Es lícito preguntarse si este título está respaldado por algún fundamento real, o si, por el contrario, es puramente convencional, retórico, redundante, abusivo, dado que no ha precedido ningún otro encuentro al que estamos gozando, y ningún conocimiento, ninguna relación parece justificar expresiones tan confidenciales. Sin embargo, Nos no sabríamos dirigirnos a vosotros con otra palabra, ni vosotros os sentiríais satisfechos si, por nuestra parte, evitáramos llamaros hijitos; porque sabemos muy bien que el vínculo espiritual que nos une a vosotros es el de una verdadera paternidad, por nuestra parte, y el de una verdadera filiación, por parte vuestra. ¿Pero cómo?

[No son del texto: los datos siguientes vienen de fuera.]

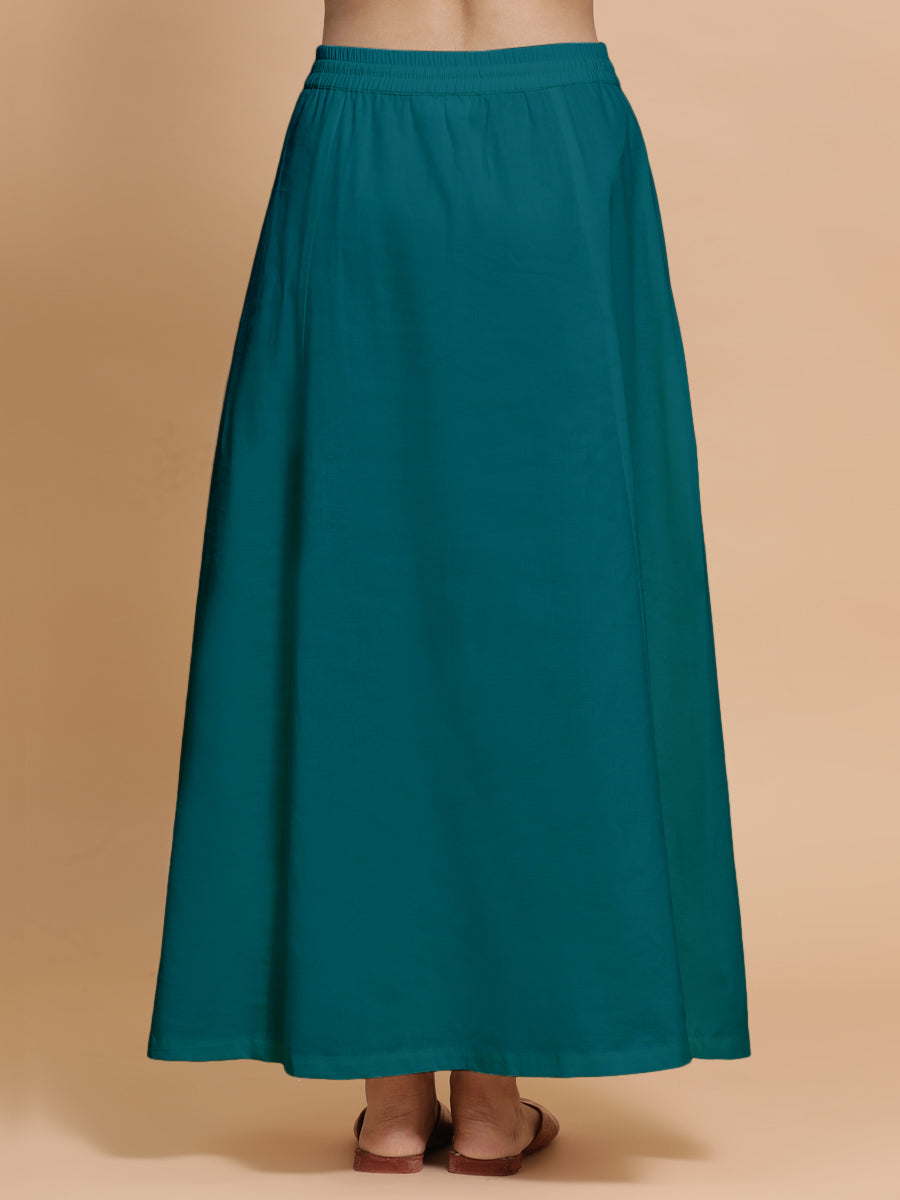 Petticoat/Underskirt for Sarees in Teal Blue Linen, in Blue 70% Cotton 30% Linen, made for daily & work (view 2).
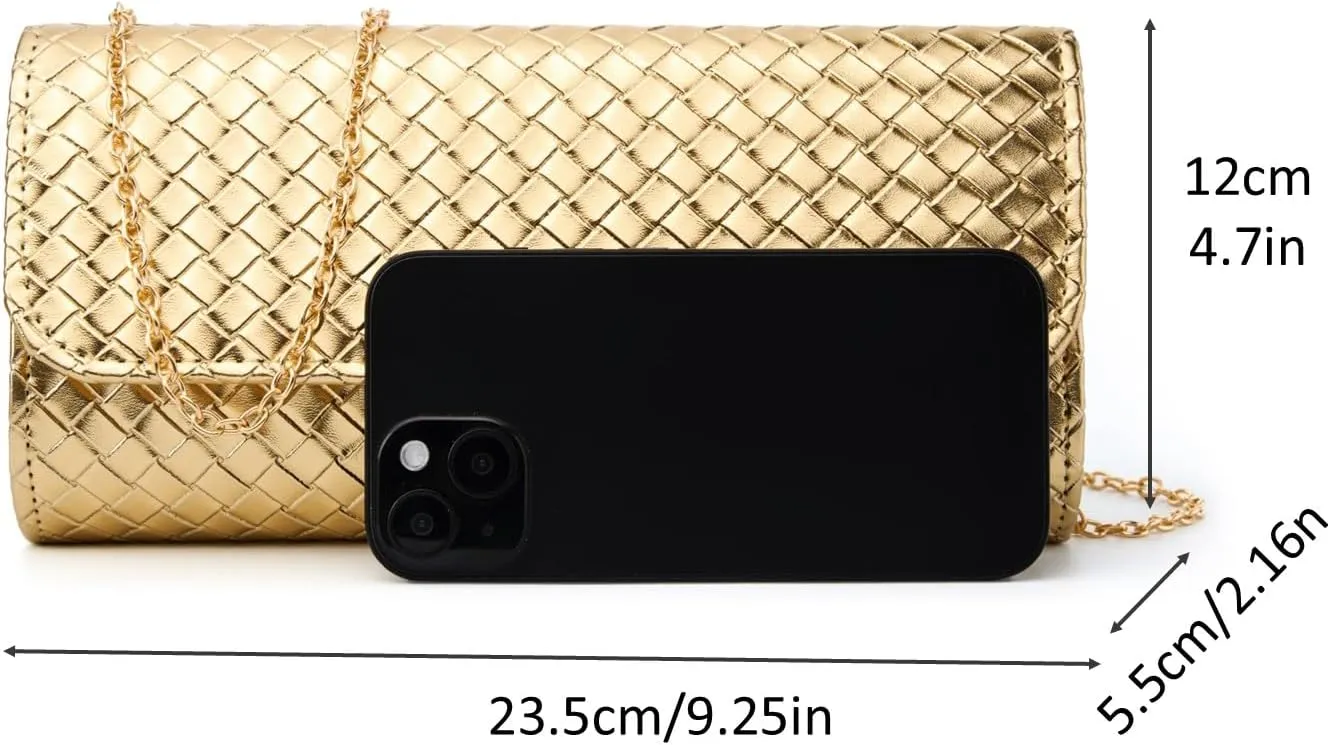 Woven Evening Bag Clutch Purses for Women Fashion PU Leather Crossbody Purse for Wedding Party and Prom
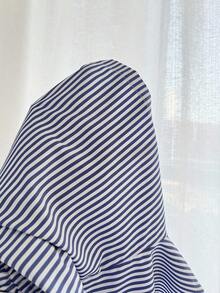 Unity Mono de manga corta con cintura ceñida, bolsillos y estampado de rayas para el verano - Azul marino - Ver 6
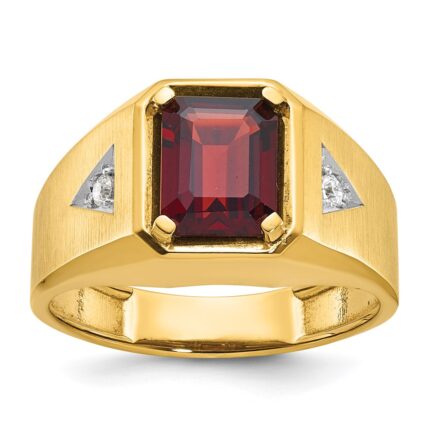 14k IBGoodman Men's Polished and Satin Garnet and 1/15 carat Diamond Complete Ring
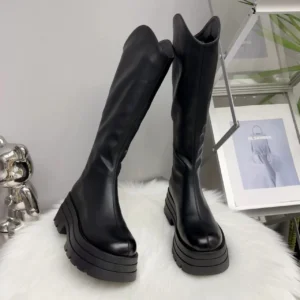 Women’s Fashion V-neck Slim Temperament Round-headed High Boots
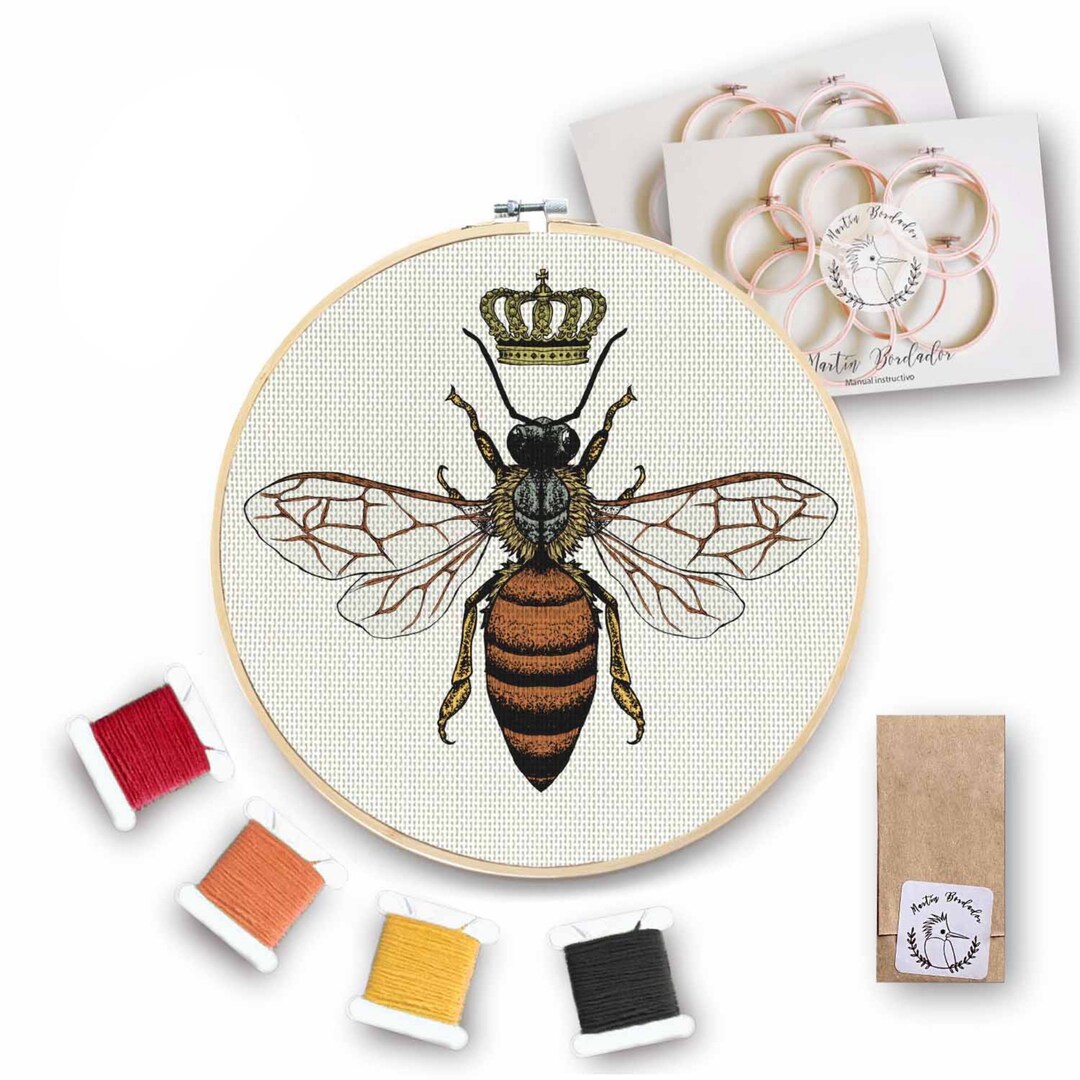 Queen Bee Embroidery Kit, Embroidery Kit, Bee Pattern, Embroidery Tools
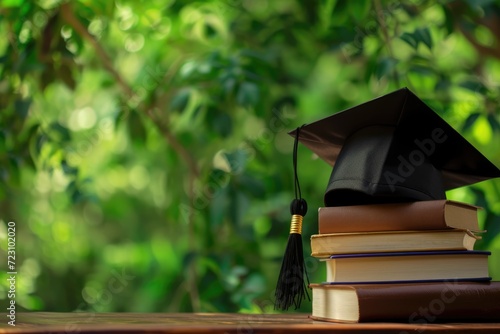 A diverse group of jubilant graduates in blue caps and gowns share a joyful moment together, their faces beaming with pride and accomplishment. Ai generated 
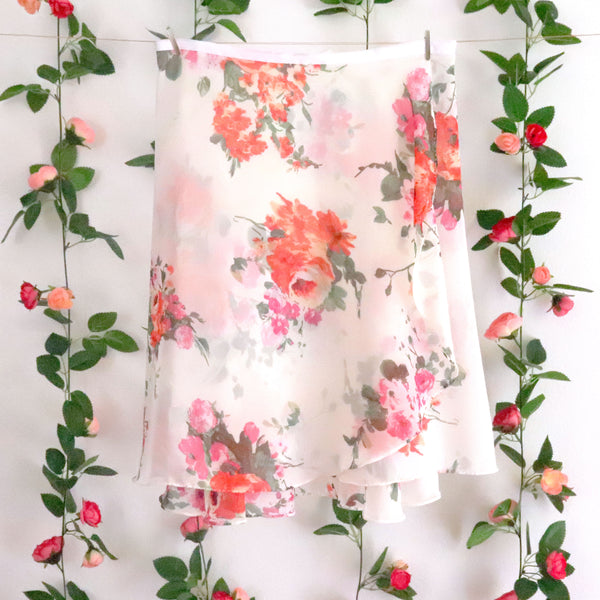 Impressionists - Pink and Red Orange Floral Wrap Skirt
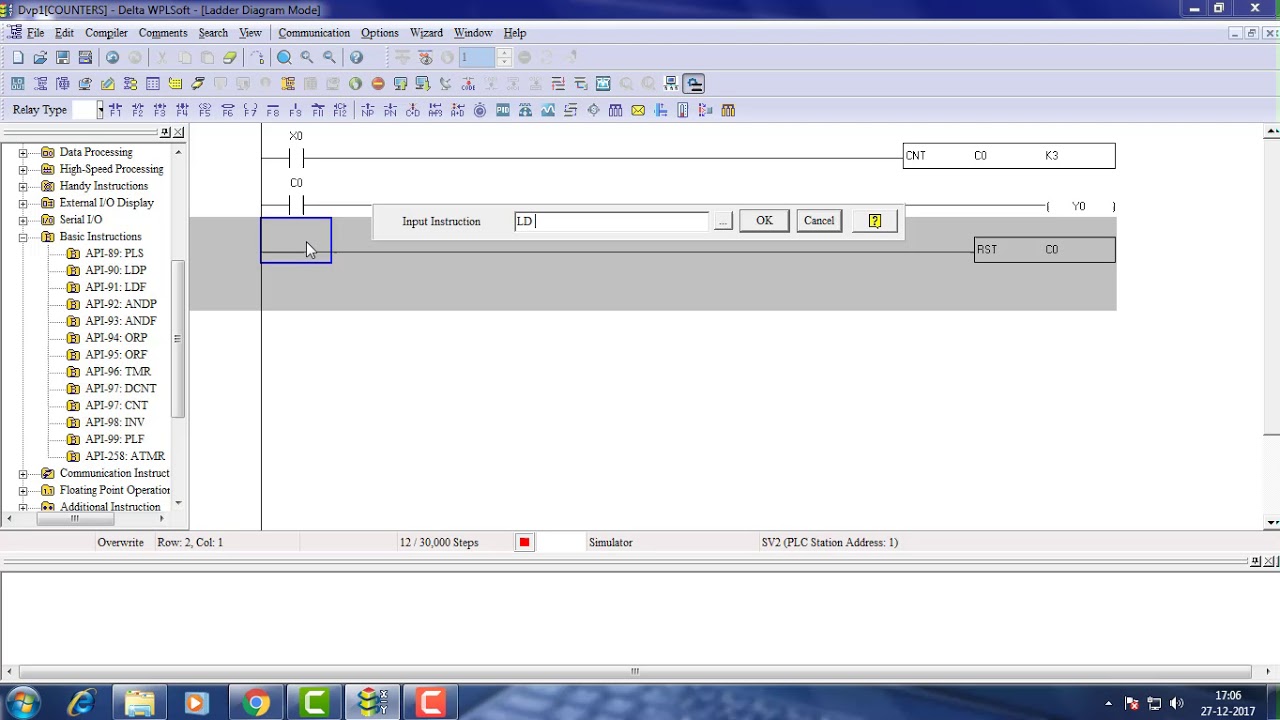 Счетчики DELTA DVP PLC с использованием WPLSoft
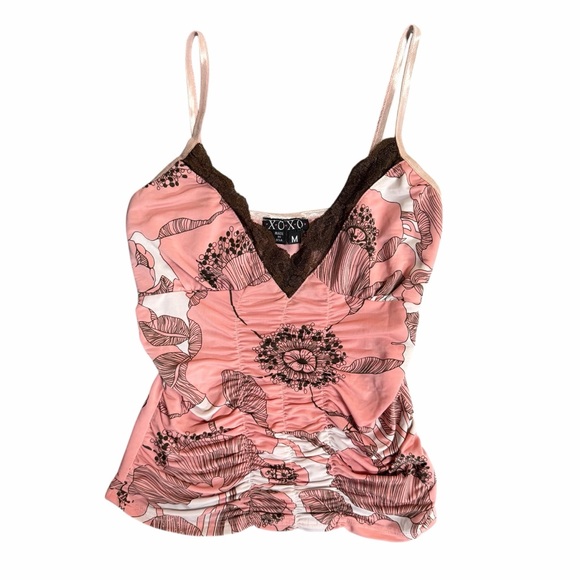 XOXO Y2K Floral Lace Ruched Cami Size XS (Tagged Medium) - Picture 2 of 6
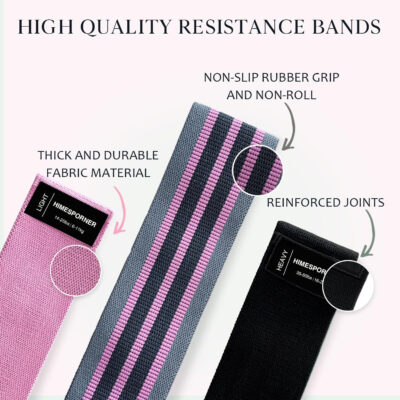 6899cfc274b6e060f900aab68082b8dffbfa00c084d8c378ca947.jpg Wide Fabric Resistance Bands for Working Out, 3 Level Non-Slip Exercise Booty Bands for Women & Men Leg and Glutes with Hair Ties and Tape Measure - for Home Gym Workout, Yoga, Pilates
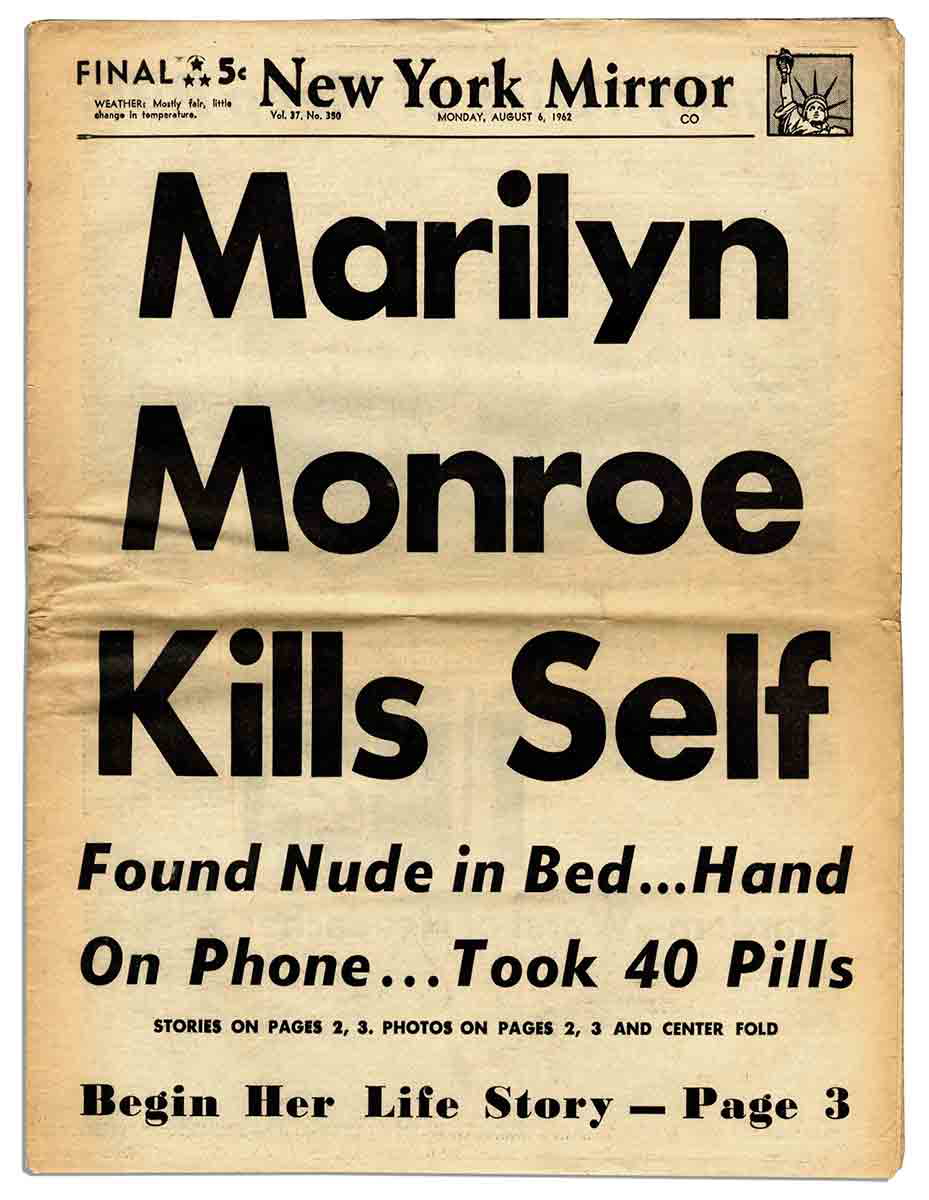 marilyn monroe funeral newspaper suicide death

Nos vemos por primera vez, no tendremos quizá otra ocasión de vernos, ¿y podemos llamarnos parientes, miembros de una misma familia?
Pues, sí. Y es esta intimidad de encuentro espiritual lo que constituye una de las impresiones, una de las emociones características de la audiencia del Papa. La audiencia nos procura la experiencia de una comunión, de una fusión de alma y de destino que cuenta entre las más bellas y las más legítimas en el seno de esta gran familia, en el seno de esta gran unidad visible e invisible, bajo diferentes aspectos, que se llama la Iglesia. Ser miembros de la misma Iglesia nos permite reconocernos todos como pertenecientes a una misma familia, ligados todos por una profunda solidaridad, ensamblados todos por relaciones irrenunciables, que implican nuestra vocación cristiana. Y he aquí que unas audiencia como ésta nos recuerda aquella misteriosa y real unidad, nos invita a celebrar aquella “comunión de los santos” a la que nos referimos en el símbolo apostólico, es decir, en la profesión dé nuestra fe. Comprobamos aquí un reflejo de un profundo e inmenso designio divino, es decir: Dios nos habla, se nos acerca, nos salva como personas particulares; cada uno de nosotros tiene su propio destino; pero Dios no nos habla, no se nos acerca, no nos salva aisladamente. Dios nos coloca en un orden, en una sociedad, en una organización unitaria, en un cuerpo místico. Dios nos coloca en una comunidad, en un círculo de caridad, en un sistema religioso organizado para nuestra salvación; nos coloca y nos quiere dentro de su Iglesia. Y la Iglesia es tal unión de fe, de oración, de ayudas, de méritos, de influjos recíprocos, de amor que hace miembros de una misma familia a cuantos pertenecen a ella. No es un vínculo remoto e ineficaz el que nos une dentro de la Iglesia, es un vínculo de parentesco estrechísimo,
Este parentesco, para decir verdad, tiene dos expresiones que son diversas, según se considere la relación que nos une a Dios y a Cristo: y ésta es una relación de fraternidad. Jesús lo ha dicho: “Vosotros sois todos hermanos” (Mt 23, 8). Y podríamos muy bien celebrar en esta misma audiencia la fraternidad que a todos nos hace depender igualmente de la paternidad de Dios y de la gracia de Cristo. Pero Cristo ha establecido en el interior de la comunidad de los fieles una diversidad de funciones, esto es, una jerarquía, una paternidad y una filiación que nosotros ahora estamos recordando. Dice San Pablo: “Por mediación del Evangelio, yo os he engendrado en Cristo Jesús! (1 Cor 4, 15).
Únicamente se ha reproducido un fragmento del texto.